- [DIRECTIONS] From the line containing "BAMBOO Sun-ken-rock - édition deluxe tome 13" through the last line of the material, copy every line exactly, both ends inclusive; do not copy pictures.

- [EXCERPTED DATA]
.....

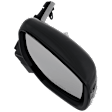 Driver and Passenger Side Mirrors, Power Adjust, Manual Folding, Heated, Paintable, In-housing Signal Light, No Memory, No Puddle Light, No Auto-Dimming, No Blind Spot Feature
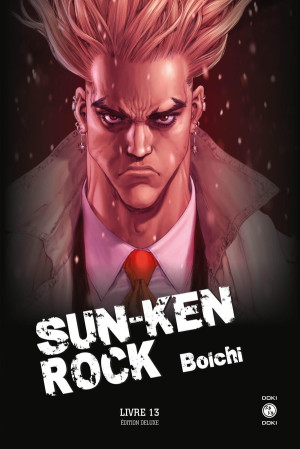 BAMBOO Sun-ken-rock - édition deluxe tome 13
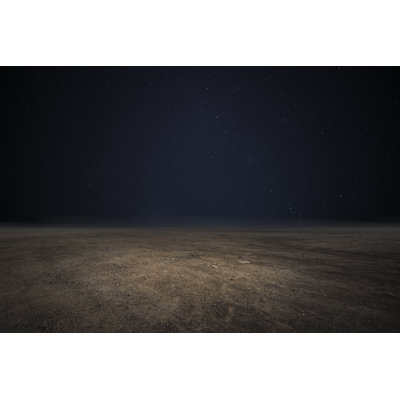 Desert and Night Sky 829950414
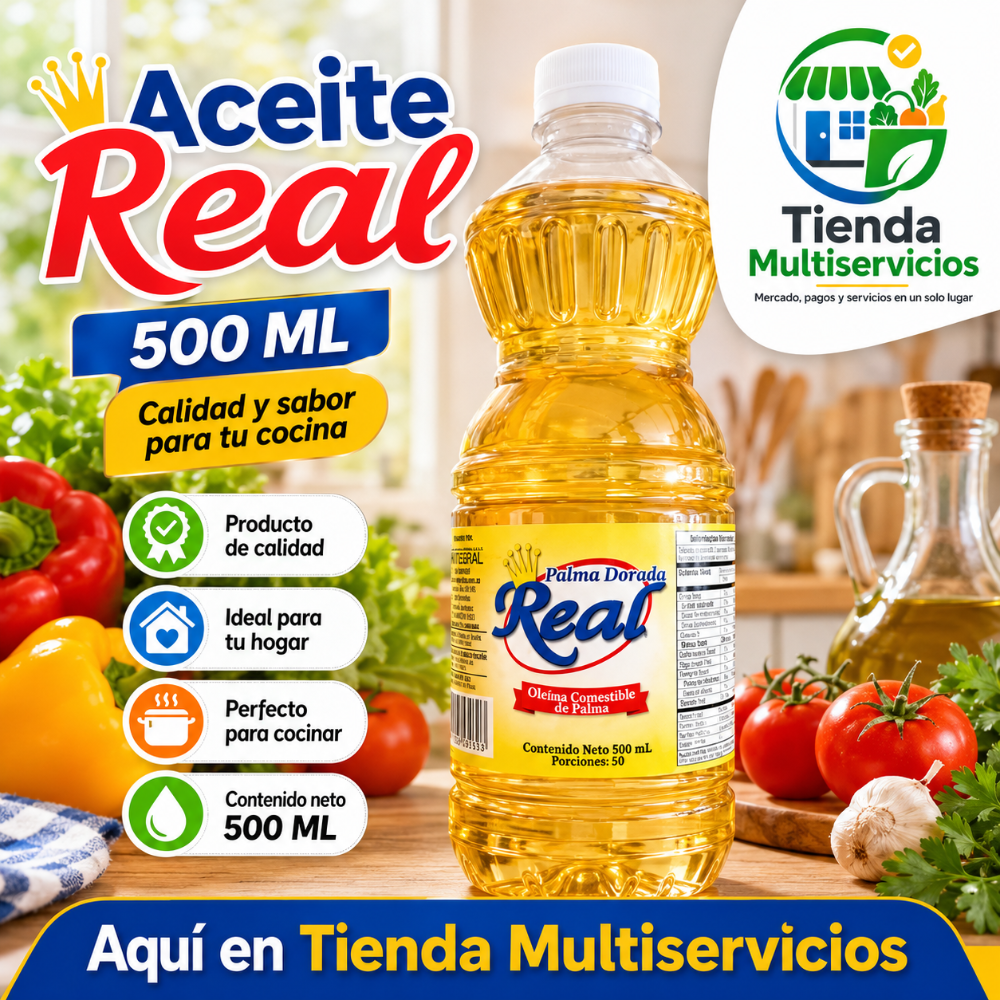 ACEITE REAL x 500 ML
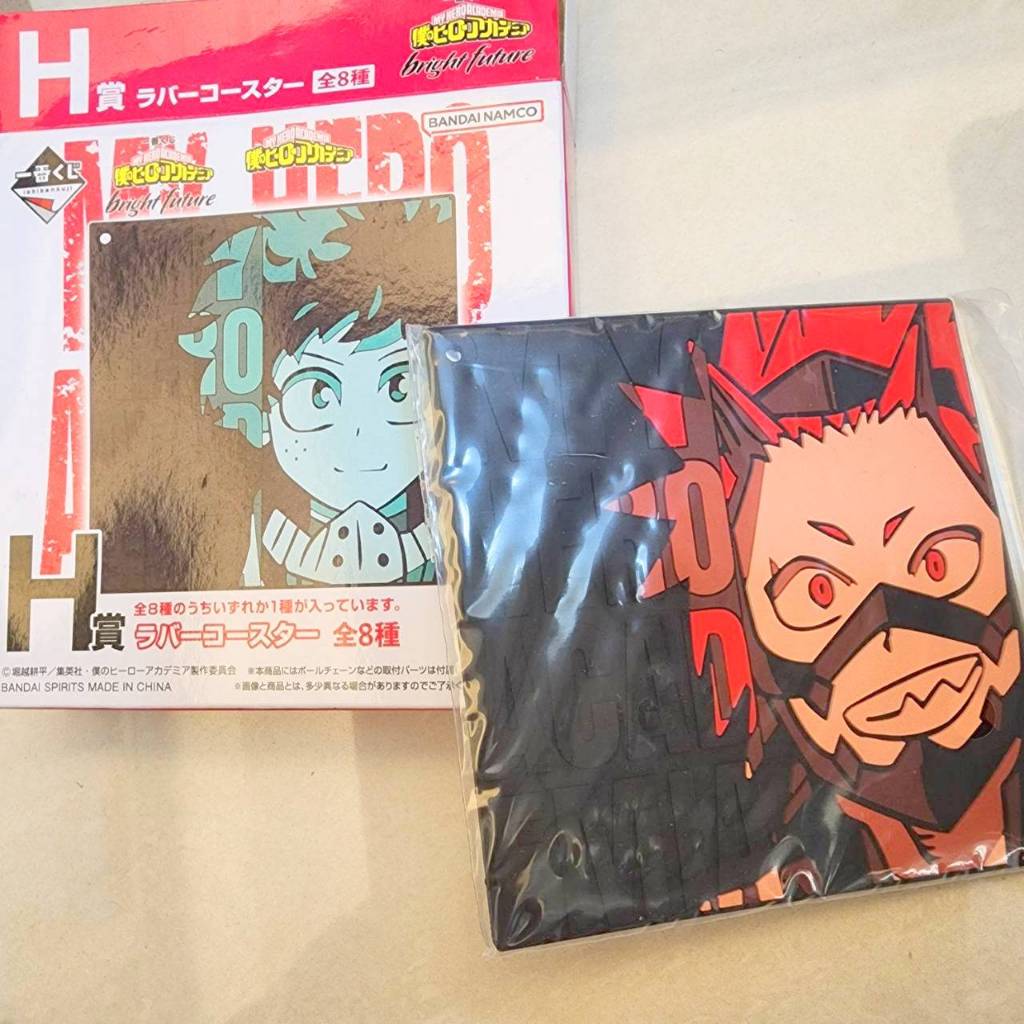 切島鋭兒郎/我的英雄學院/一番賞/吊飾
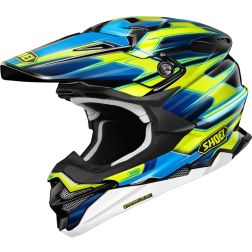 Casque Shoei Vfx-Wr 06 Sparkle Tc-3
							  		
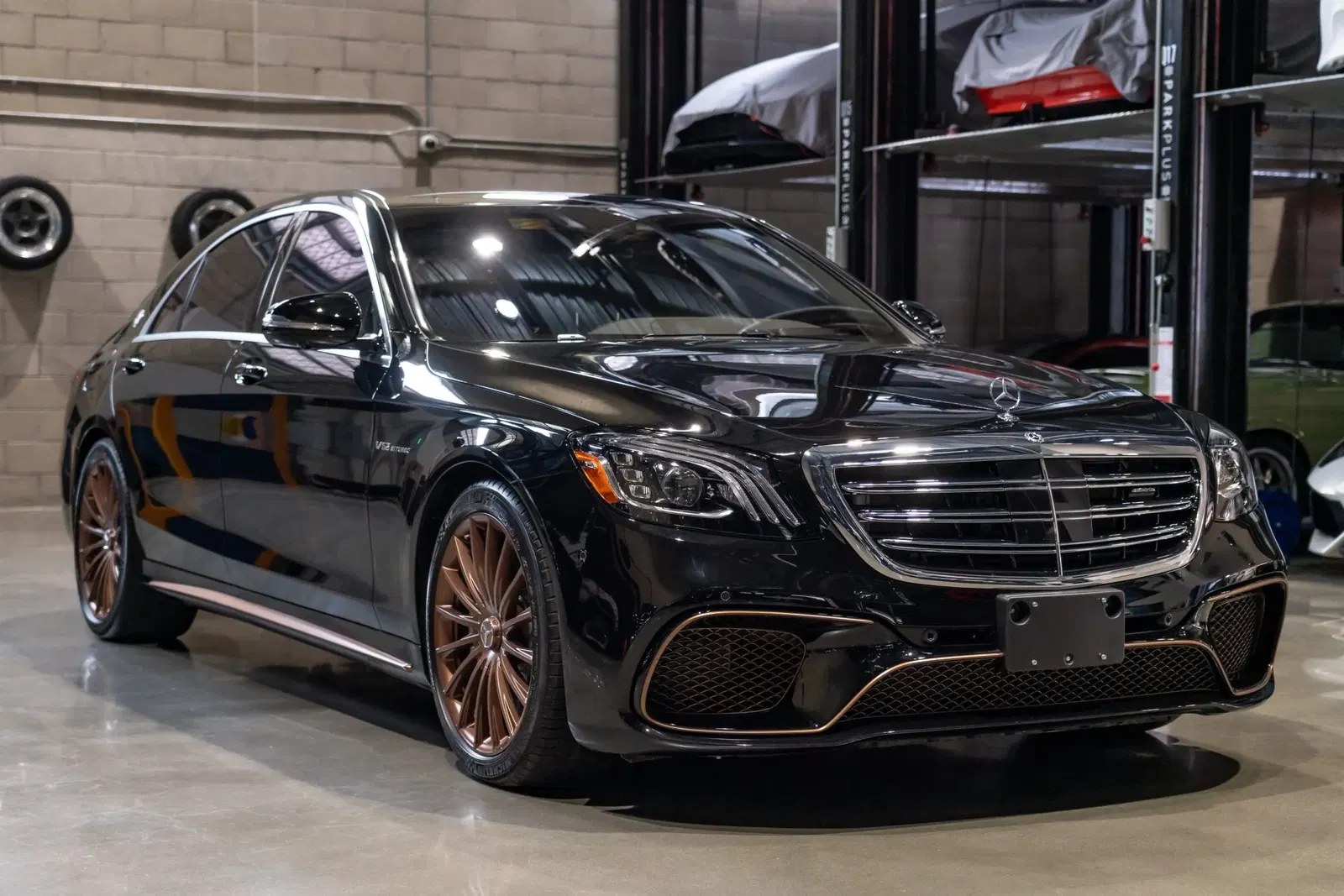 1,200-Mile 2020 Mercedes-Benz S65 AMG Sedan Final Edition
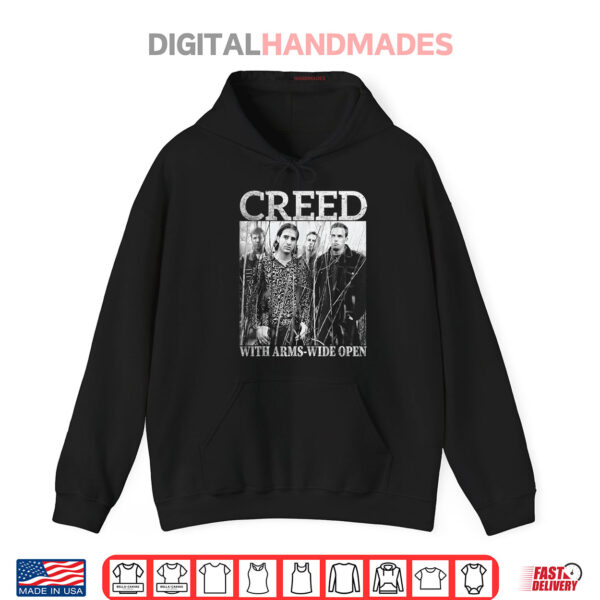 CREED Name Personalized CREED Name Lovers Shirt 2 Hoodie CREED Name Personalized CREED Name Lovers Shirt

.....

- [REPLY TO THE EXERCISE]
 BAMBOO Sun-ken-rock - édition deluxe tome 13
 Desert and Night Sky 829950414
 ACEITE REAL x 500 ML
 切島鋭兒郎/我的英雄學院/一番賞/吊飾
 Casque Shoei Vfx-Wr 06 Sparkle Tc-3
							  		
 1,200-Mile 2020 Mercedes-Benz S65 AMG Sedan Final Edition
 CREED Name Personalized CREED Name Lovers Shirt 2 Hoodie CREED Name Personalized CREED Name Lovers Shirt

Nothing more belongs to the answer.